9:01AM, Tuesday
I started the morning in Park Slope, covered in graffiti. Fifty minutes later I’m on the corner of 78th and Lex, straightening my tie for the upper crust.
It’s a weird thing to see so many people reading the paper. NYC subways, I guess, are one of the last great hopes of the print newspaper industry. You need to kill time, you need to multitask, and you don’t have phone service. You need to hold something and read it and make yourself industrious, or at least distracted. Or occupied. If nothing else, it theoretically staves off Crazy. Like the front page headline should always say, “MAN READING, DON’T TALK TO HIM.” Actually, that is front page news.
Now I’m caffeinating and wondering why New York’s a supposedly scary place. It’s not a scary place; it’s just a big place.

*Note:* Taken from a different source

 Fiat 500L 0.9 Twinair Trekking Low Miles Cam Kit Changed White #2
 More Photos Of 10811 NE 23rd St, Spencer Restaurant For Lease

It’s like any other place--or any other worthwhile thing--in that its initial impression is more daunting than its second one. Come in from JFK, it’s a chaotic race. Then you get locked in your neighborhood and everything’s familiar, comfortable, even inviting. You commute on an underground steel tube with hundreds of different strangers going hundreds of different directions, it’s easy to feel lost, even if you know your direction. But then you get out, see your destination, and everything slows. You’re here. Another harmless, autonomous sphere you’re meant to be in. Things make sense.

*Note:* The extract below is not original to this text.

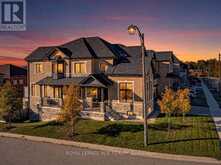 47 CARONDALE SQUARE | East Gwillimbury Ontario | Slide Image One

It’s not a scary place; it just wants you to look closer.
12:17PM, Tuesday
My phone and computer are already on low battery. Also, I have no idea how to get on the internet even though everyone is always on the internet. Also, I can’t sit still even though I’m supposed to sit still.
Trip 561, Chris 3
2:30PM, Tuesday
I’ve now seen 4 apartments with 4 different landlords/brokers and have been informed that all 4 apartments are absolutely the best I’ll find now, anywhere, anytime, ever. Also, I should live in Spanish Harlem, and the Giants are the best. And so are the Jets. And the city of Boston can go to hell. And there’s no way to find anything with four stable walls in my price range without leaving the city and, possibly, the country. These are the facts, as 4 brokers have told them to me.
Also, I’m not seeing my apartment.
4:41PM, Tuesday
I’m looking at apartments now in Chelsea, and will learn later that I’m in “Little Gay-aly.” So why are these apartments shown unfurnished?
So far everything every broker/landlord has said has turned out to be true, and everything has turned out to be false. I’m not finding the place, and almost everything worthwhile’s out of my price range. But the price ranges aren’t changing that much. I’m noticing stuff in Chelsea that’s similar to E 93rd street. I guess you just have to look.
5:09PM, Tuesday
Get a call: “Go to the East Village. Two just popped up. They’re in your price range.”
So now I’m in the center of the East Village, looking at some bizarre linoleum-lined apartment. And I’m thinking I don’t need the padded walls just yet. And now I’m upstairs, looking at the other one. And I’m seeing its space and I’m seeing its warmth and its renovation and I’m nodding and Jason, my confidante, is nodding, and I’m seeing its price, and I’m smiling and now Jason asks me and now I’m saying it:
“Jason, I’m home.”
Trip 1,173, Chris 1,000
8:16PM, Tuesday
Back in Brooklyn in the darkest corner of a faceless sushi dive, and I’m celebrating by myself. My cell phone’s dead. My computer’s dead. I have practically no means of communication to tell everyone or anyone that today I found my new home, the first place I’ll live outside Tennessee. So I tell my waitress, who looks enough like Lucy Liu that I think I’m getting Punk’d. She smiles like she doesn’t understand and walks off.
Maybe it is Lucy Liu.
8:28PM, Tuesday
A bucket of ice suddenly on the table. “Here,” Lucy says. “It has bubbles. Like champagne. Congratulations!”
And you know what? It did have bubbles like champagne. And now I’m definitely getting Punk’d.
Something AM, Wednesday
Lights out, Brooklyn. I'm sleeping like I haven’t in years.
1 comment:
Hey, I think I've been to that sushi dive. Well, all right, it's a big city, I'm sure there's more than one. But the one time that I went to NYC, there was a night where somebody took me to a basement (no signs of any kind) where there was a sake bar that was so dark you couldn't see what you were pouring. I threw up a lot afterwards. So be careful with the sake. And don't bother me, I'm reading.